Fitch: NSFR Rule Could Constrain Trust Banks' Liquidity Position
OREANDA-NEWS. The proposed net stable funding ratio (NSFR) rule could be more challenging on the liquidity positions of large US trust/processing banks, which rely more heavily on institutional clients and core custody deposits in their liability structure, says Fitch Ratings. That said, Fitch does not expect any ratings impact from the rule and believes that all banks will reach compliance when it goes into effect in 2018.
The NSFR rule, proposed on May 3 by federal banking agencies, will apply to 15 US banks with assets in excess of USD250bn or $10bn in on-balance sheet foreign exposure. The rule requires subject institutions to maintain an NSFR of 1.0 where the numerator - available stable funding (ASF) - is defined as a weighted measure of a banks' equity and liabilities over a year.

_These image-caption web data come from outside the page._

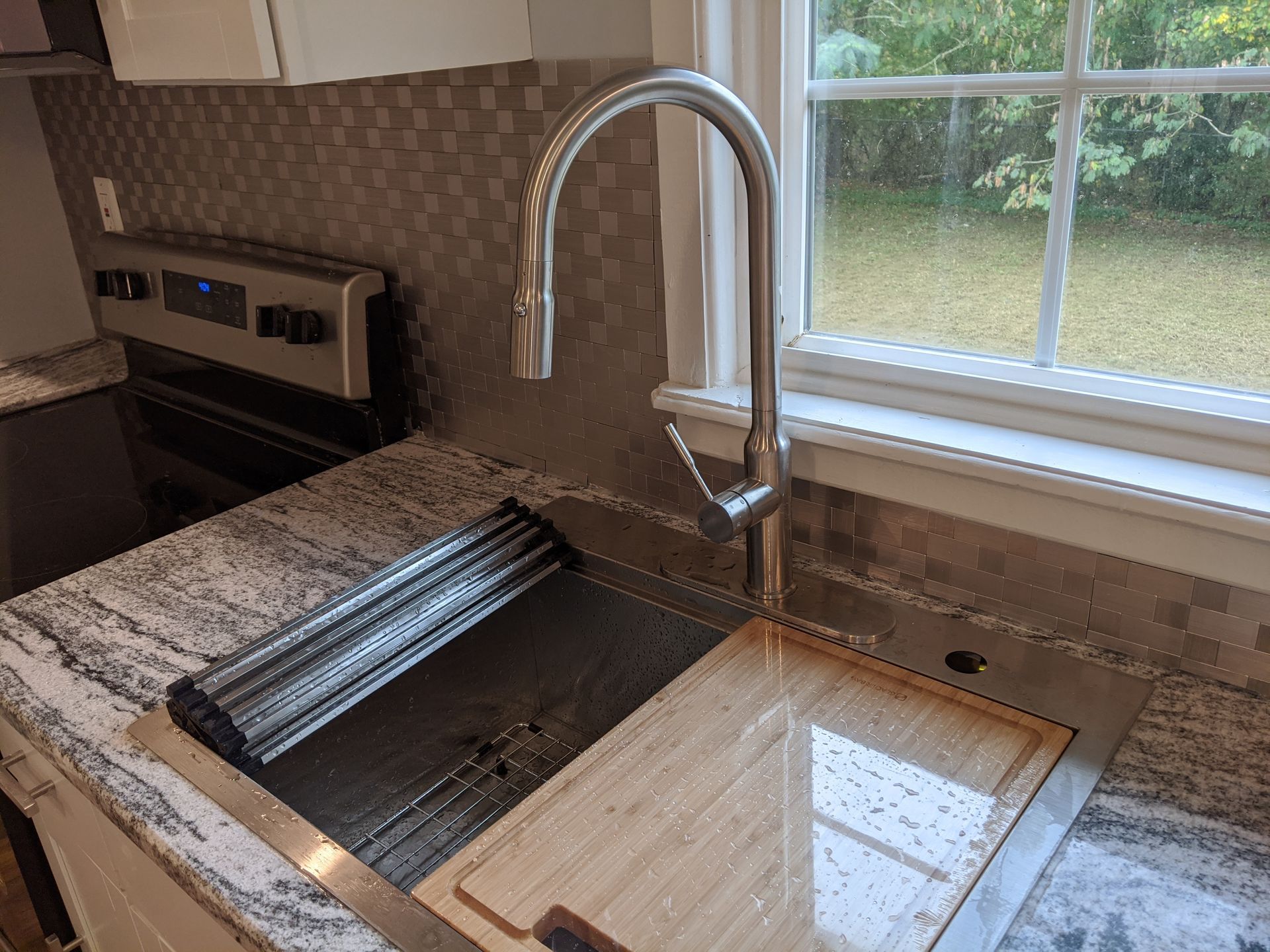 Modern kitchen sink with chrome faucet, granite countertop, and window view of greenery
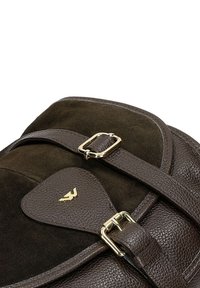 Ciemnobrązowa skórzana torebka z zamszu, z złotymi klamrami i małym złotym emblematem na skórzanym klapce.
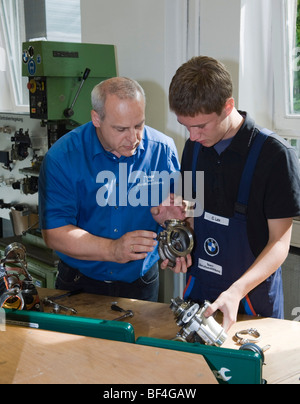 Maestro di spiegare ad un apprendista mentre si lavora su una parte di un motore in BMW training center for automotive meccatronica, M Foto Stock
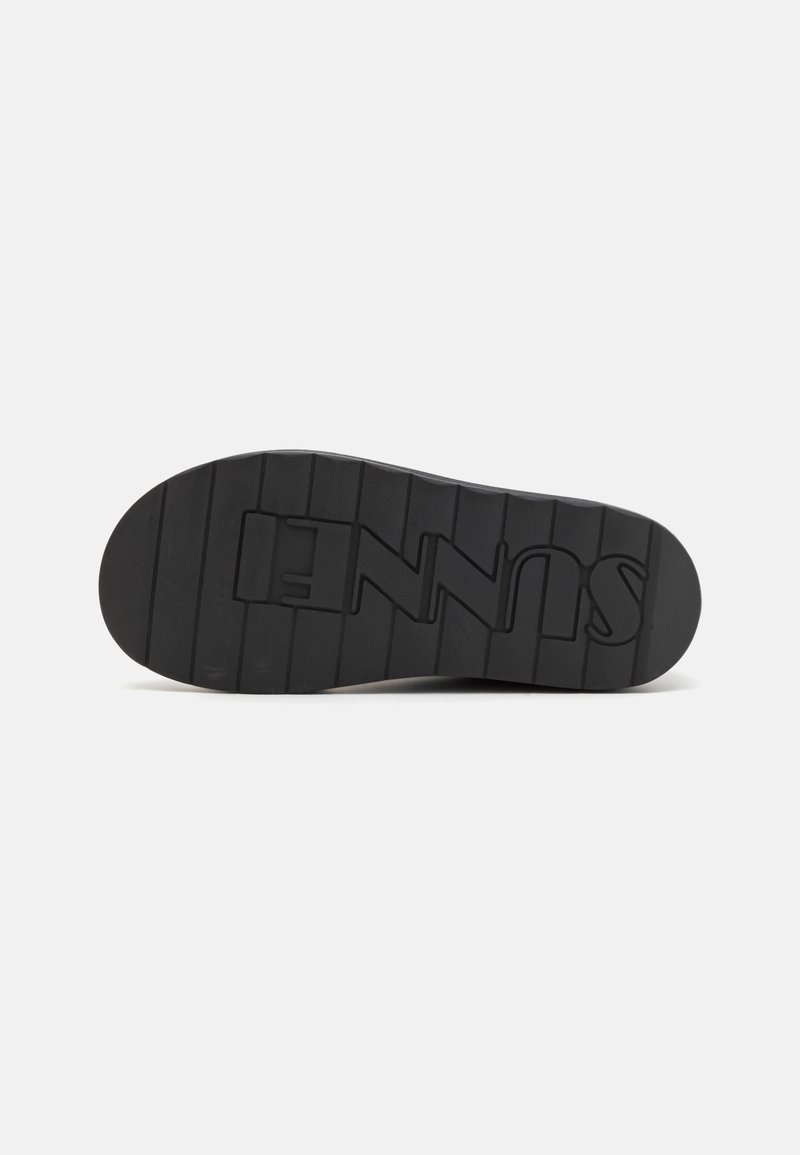 Black rubber shoe sole with horizontal ridges and logo. Flat shape, textured surface, and rounded toe design.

Importantly, differing ASF weightings will be applied depending on the funding source. Regulatory capital, long-term liabilities and insured retail deposits will be assigned high ASF factors of 95-100, whereas unsecured wholesale funding including wholesale and custody deposits will only qualify for a 50 ASF factor. This will encourage banks to focus on evolving their liabilities structures and emphasize growing their retail deposit base.
Notably, the treatment of custody deposits is less favorable under the NSFR rule than under the liquidity coverage ratio (LCR) rules finalized by federal regulators in 2014. Under the LCR, uninsured custody deposits are assumed to run off by 25% (5% for insured deposits) versus the aforementioned 50 ASF factor. This could make the NSFR more restrictive than the LCR for custody banks from a liquidity rule perspective.
Banks that are already more retail oriented are less likely to face shortfalls resulting from the rule. On the other hand, trust banks with more institutional clientele that are custody deposit funded, including State Street and BNY Mellon, will find this rule more challenging.
These banks will likely manage their deposit composition more aggressively, especially when factoring in the introduction of the enhanced supplementary leverage ratio (ESLR) in 2015. The ESLR rule requires US global systemically important banks (G-SIBs) to maintain a minimum 5% ESLR at the parent company and 6% ELSR at the bank-level and is considered by Fitch to be the binding capital ratio for the trust and processing banks.
The NSFR rule will have a disproportionate effect on the trust banks versus their large retail counterparts. However, the effect should be manageable, and Fitch does not expect any significant changes to credit profiles.